A quantum approximate method for the calculation of thermal reaction rate constants

The calculation of thermal reaction rate constants is a central problem in theoretical chemistry, and exact classical and quantum expressions have been formulated [1]. However, approximate approaches are necessary when dealing with complex reactions, and several techniques have been developed in recent years.

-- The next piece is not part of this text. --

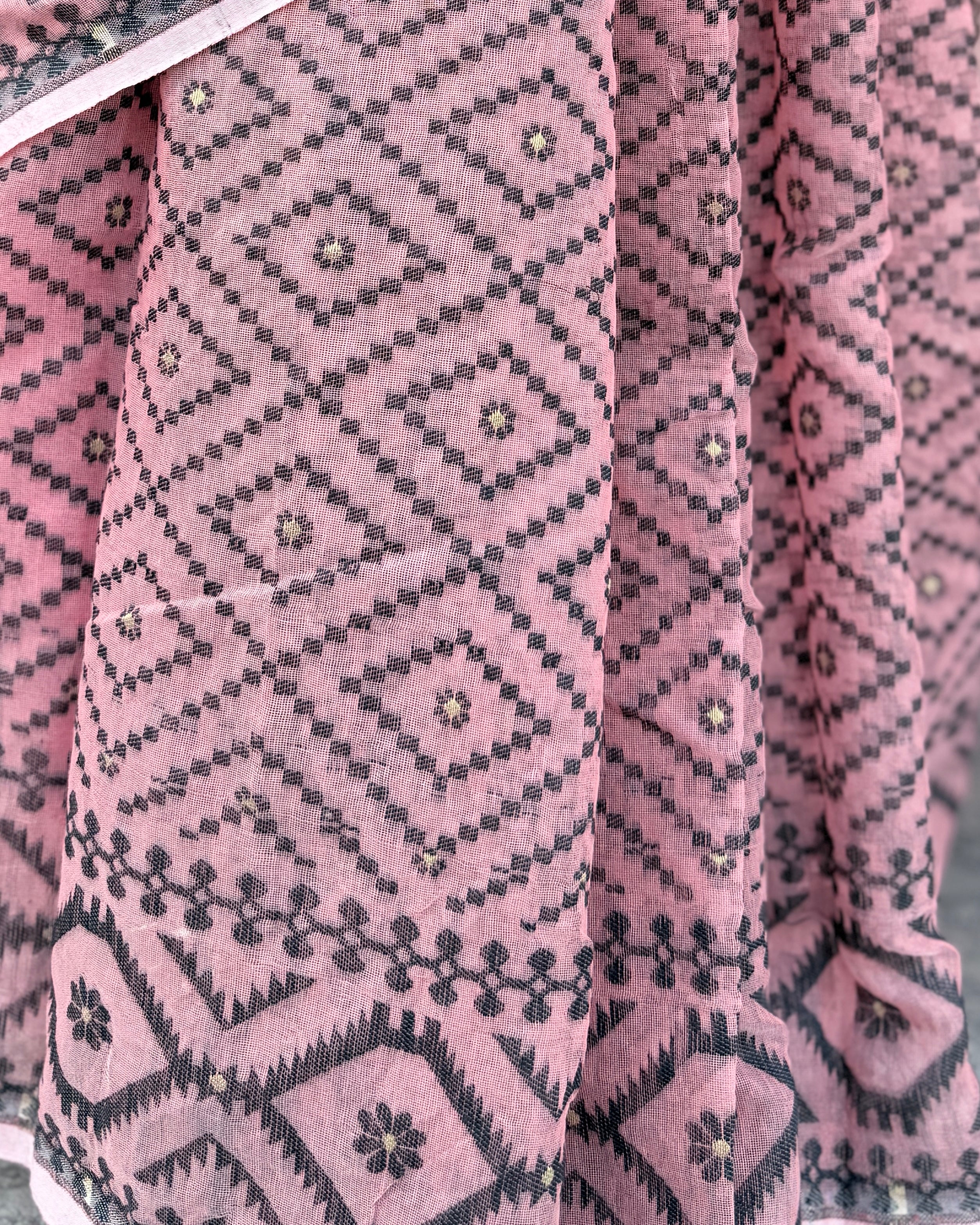 Itr | Rose Pink Jamdani Saree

They include the inclusion of quantum corrections to the classical transition state theory (TST) [2], semiclassical theories [3], and ring polymer molecular dynamics (RPMD) TST [4]. In this work, we have developed a new quantum mechanical method to compute reaction rate constants, which is related to Miller's quantum instanton [5]. Starting from the exact definition of the thermal rate constant as the time integral of the quantum flux-flux correlation function, upon introduction of a stationary phase approximation, we have derived an expression which has the same structure of the original quantum instanton but includes a contribution from real-time dynamics. This new method has been tested on the one-dimensional Eckart barrier problem, and on the two-dimensional H+H2 collinear reaction. Results over a wide range of temperatures have been found to be in agreement within 10% with exact quantum mechanical estimates. [1] W.H. Miller, S.D. Schwartz, J.W. Tromp, J. Chem. Phys. 79, 4889 (1983); W.H. Miller, J. Phys. Chem. A 102 (5), 793, (1998) [2] H. Eyring J. Chem. Phys. 3 (1935), p. 107; E. Wigner J. Chem. Phys, 5 (1937), p. 720 [3] W.H. Miller, J. Chem. Phys, 62, 1899 (1975); R. Hernandez, W.H. Miller Chem. Phys. Lett., 214 (1993), p. 129; T. L. Nguyen, J. F. Stanton, and J. R. Barker, Chem. Phys. Lett. 499, 9 (2010). [4] J. O. Richardson and S. C. Althorpe, J. Chem. Phys. 131, 214106 (2009); T. J. H. Hele and S. C. Althorpe J. Chem. Phys. 138, 084108 (2013) [5] W.H. Miller, Y. Zhao, M. Ceotto, S. Yang J. Chem. Phys. 119, 1329 (2003); M. Ceotto, S. Yang, and W.H. Miller J. Chem. Phys. 122, 044109 (2005)